Personal life
- Born: 1567 Sanaa, Yemen
- Died: 1625 (aged 57–58) Hebron, Ottoman Empire
- Parent: Rabbi Joshua (father)
- Notable works: Melekhet Shelomoh; Dibre Emet;
- Occupation: Author, Talmudist

Religious life
- Religion: Judaism

= Solomon Adeni =

Yemenite Jewish author and Talmudist (1567–1625)

Solomon ben Joshua Adeni (Hebrew: שלמה בן יהושע) or Shelomo bar Joshua Adeni (1567–1625) was a Yemenite Jewish author and Talmudist, who lived during the second half of the 16th century at Sanaa and Aden in southern Arabia, from which town he received the name "Adeni" or "the Adenite." In 1571, Solomon Adeni immigrated with his family to Ottoman Palestine. He was a pupil of the Talmudist Bezalel Ashkenazi and of the kabbalist Hayyim Vital.

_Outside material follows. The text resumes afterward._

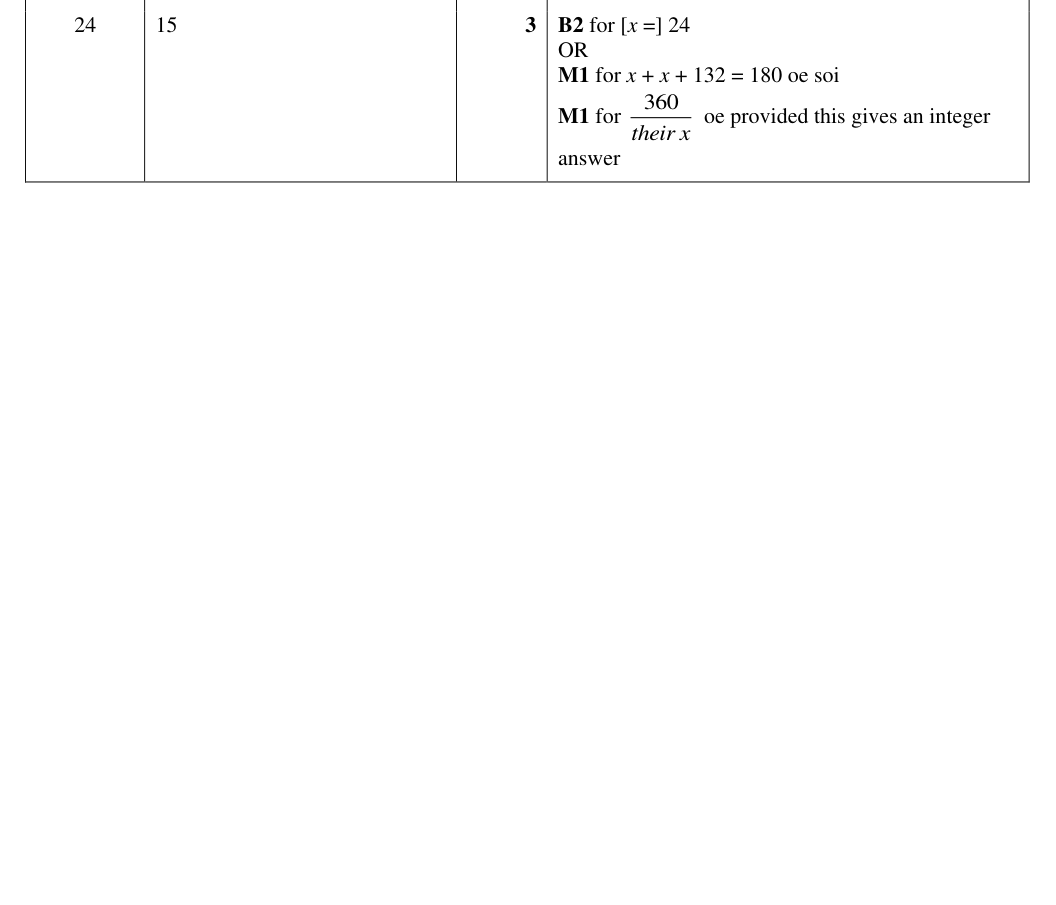 Mark scheme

In 1624, or, according to other authorities, in 1622, he wrote a commentary on the Mishnah, entitled Melekhet Shelomoh (The Work of Solomon). Only a few fragments of this have been published, but they are quite sufficient to indicate the value of the whole work. In this commentary, Adeni exhibits considerable critical ability. He analyzes the Mishnah in a manner that is quite modern, and which is accompanied by a strictly scientific penetration that enables him to enter into the most minute details of the mishnaic text, its punctuation and spelling. The great value of Adeni's work was recognized by Manasseh ben Israel, who made use of its critical conclusions in his edition of the Mishnah of 1632. Adeni incorporated in his work Joseph Ashkenazi's valuable amendments to the Mishnah, and relies heavily upon the commentaries of Rabbi Shimshon of Sens, Rashi and Rabbi Solomon Sirilio. In addition to his commentary he wrote Dibre Emet (Words of Truth), which, according to Azulai, contains critical notes on the Masorah. In 1854 the manuscript of Melekhet Shelomoh, his first work, was in the hands of Nathan Coronel of Jerusalem, whereas that of his second work, Dibre Emet, seems to have been lost. He is buried in the Old Jewish Cemetery in Hebron.

==Family background==
The only thing known of Adeni's family is what he wrote about them in his Introduction to his Mishnah commentary: "We have also received it as an oral tradition that we are of the party to whom sent Ezra the scribe, requesting them to come up to the land during the building of the Second Temple, and they rebelled and he cursed them, saying that all their days in exile will be spent in poverty. And because of our iniquities, there was fulfilled in us in that Exile, both, poverty in the Law, and poverty in material wealth in a most superlative manner, and especially with my small family! For all of them, according to what was told to me and, indeed, confirmed with me by the tellers of the truth who spoke clearly, were God fearing people, and those who had acquired an accurate knowledge of the Law (Torah), even the disciples of my lord, my father, of blessed memory (for he was the Rabbi of the city Uzal which is called Sanaa). Also before this, my grandfather, the father of my father, was a teacher of small children there. But privation and famine clung to them in such a way that both curses of Ezra were fulfilled in us: The one, being the curse already mentioned; the other one, being the general curse which alarms all schoolteachers that they will never become rich, lest they should cease from their labour."